The movie, which marks Mendonça Filho’s fifth feature film, will world premiere at Cannes in the Special Screenings section.
“Pictures of Ghosts” will mark the director’s third film to bow at Cannes, following two competition entries, “Bacurau” (co-directed by Juliano Dornelles) which won the Jury Prize n 2019, and “Aquarius” in 2016.
“Pictures of Ghosts” combines archive documentary, mystery, film clips and personal memories. The film is produced by Emilie Lesclaux at CinemaScópio Produções and co-produced by Silvia Cruz and Felipe Lopes’ Vitrine Filmes.
Described as a multidimensional journey through time, sound, architecture and filmmaking, “Pictures of Ghosts” is set in the urban landscape of Recife, located in the Brazilian coastal capital of Pernambuco. Having hosted dreams and progress, these places have also embodied a major transformation on social practices.
“Cinemas in city centers are common to many other places in the world, but it so happens that I am from Pernambuco, from Recife, and I set out to show this city’s geography from a personal point of view,” said Kleber. “Recife is also a city that still enjoys a spectacular cinema like São Luiz, a palace from 1952. Today, there are few cities in the world that still know what that represents,” Kleber continued.
Emilie Lesclaux, said “It is a joy and an honor to be back in the Official Selection of the Cannes Film Festival with a project that is a different kind of work from the fiction films we have already presented there, from the production point of view, but that is as personal as ‘Aquarius’ and ‘Bacurau’ are. ‘Pictures of Ghosts’ brings themes that run through Kleber’s entire body of work. In fact, his first feature film is the documentary ‘Crítico’, from 2008,” recalls producer
Florencia Gil, a Brazil-native who heads up international sales at Urban, said she’s been “huge admirer of Kleber’s work and consider him as the number one reference for the new generation of Brazilian Filmmakers.”
“Pictures of Ghosts’ is the most personal piece of his filmography, a metaphysical but playful depiction of the end of cinema as we knew it. We couldn’t be more honored to defend this instant classic,” Gil continued.
“Pictures of Ghosts” was fully financed in Brazil, with the support of the Audiovisual Sector Fund (FSA-BRDE), and the National Cinema Agency (Ancine).

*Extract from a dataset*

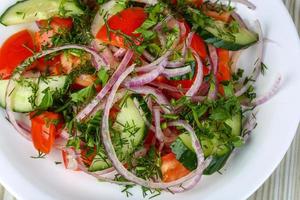 salada de legumes no prato vista de perto foto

The film will be released in Brazil and Spain during the second half of this year by Vitrine Filmes, which handled Mendonça Filho’s previous films.
Urban Sales’s slate of movies slated for Cannes include the Mongolian-French debut “If Only I Could Hibernate” by Zoljargal Purevdash at Un Certain Regard and the French-Moroccan western “Deserts” by Faouzi Bensaïd at Directors Fortnight.
The company is also repping high-profile animated features, including “The Hermit and The Bear” by Marine Blin, “Into The Wonderwoods” by Vincent Paronnaud and Alexis Ducord and “Fox & Hare Save The Forest” by Mascha Halberstad, who recently won the director of the year award at Cartoon Movie. Other titles on Urban’s roster include the Ukrainian drama “Do You Love Me?” which played at the Berlinale Panorama, the French road-movie “Amore Mio” by Guillaume Gouix, and the Moroccan comedy “Abdelinho” by Hicham Ayouch.